For a long time there was little anti-Semitism in Greece. Yes, there were crazy right-wingers there, but Nazism has a bad name in most countries the Germans occupied. However, with the coming of the Gaza war last year politicians and pundits on both the left and right of the political spectrum have been spewing anti-Semitic remarks. And then the arsons and desecrations started.

On the island of Crete the Etz Hayim synagogue was torched, saved, for a while, by two Albanians and a Palestinian immigrant who lived across the street and alerted the fire brigade. But the building was saved only for a while. A second fire was more successful, and while the first did not evoke condemnation by the Greek government, the second one did. “The attack on the Etz Hayyim Synagogue not only constitutes an attack on one of the remaining Jewish monuments in the island of Crete, but also an attack against the history and the cultural heritage of our homeland, Greece,” Prime Minister George Papandreou wrote to the Anti-Defamation-League. “The Government, I personally as well as the entire Greek nation, condemn this abominable act in the strongest possible terms.” Well, maybe he does, but the entire Greek nation seems to be of two minds. A well know anti-Semite, Kostas Plevris wrote a 1,400 page book condemning Jews. He was brought to trial by the Greek chapter of the Helsinki Human Rights Monitor and the Anti-Nazi initiative. And after a long trial was found innocent of incitement to violence against Jews. Even the prosecutor referred to his screed “Jews: The Whole Truth.” as “a scientific work.”

In 2009 the Jewish cemetery of Ioannina was vandalized four times. Greaves and a Holocaust memorial were destroyed and body parts were unearthed. A high-ranking police officer caught in the cemetery immediately after one of the incidents was not questioned by authorities. Neither the mayor, the governor nor the highest-ranking priest in the city condemned the outrage.

George Karatzaferis, the leader of the far-right political party LAOS wrote an article in his weekly newspaper calling the Jews “Christ killers” and saying that the “blood of the Jews stinks.” Left-wing leaders refused to condemn the anti-Semitic incidents or even join Greece’s commemoration of Holocaust Memorial Day in late January. “There are no good Jews,” Jimmy Panousis, a well-known liberal radio personality said on his show. “Jews are pigs and murderers, but fortunately their days are numbered.”

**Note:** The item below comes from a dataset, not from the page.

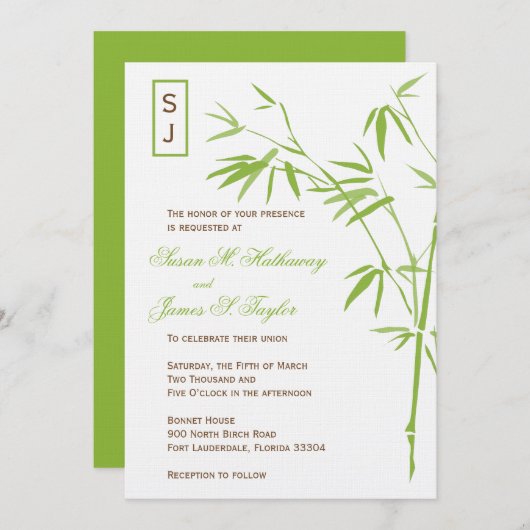 Monogram Bamboo Wedding Invitations  | Groen Kaart (Voorkant / Achterkant)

The newspaper Avriani, blames American Jews for causing the global economic crisis, warning that American Jews were plotting to set off World War III. Piraeus Serafim of the Greek Orthodox Church warned of “Zionist monsters with sharp claws.” Salonica Anthimos, another church official known for his anti-Jewish statements said Jews were being punished for killing Christ.

A whole nation cannot be condemned for the rantings of a few. But let’s keep an eye on Greece, whose glory days are long gone, but whose ancestors even then were not above a massacre of innocents.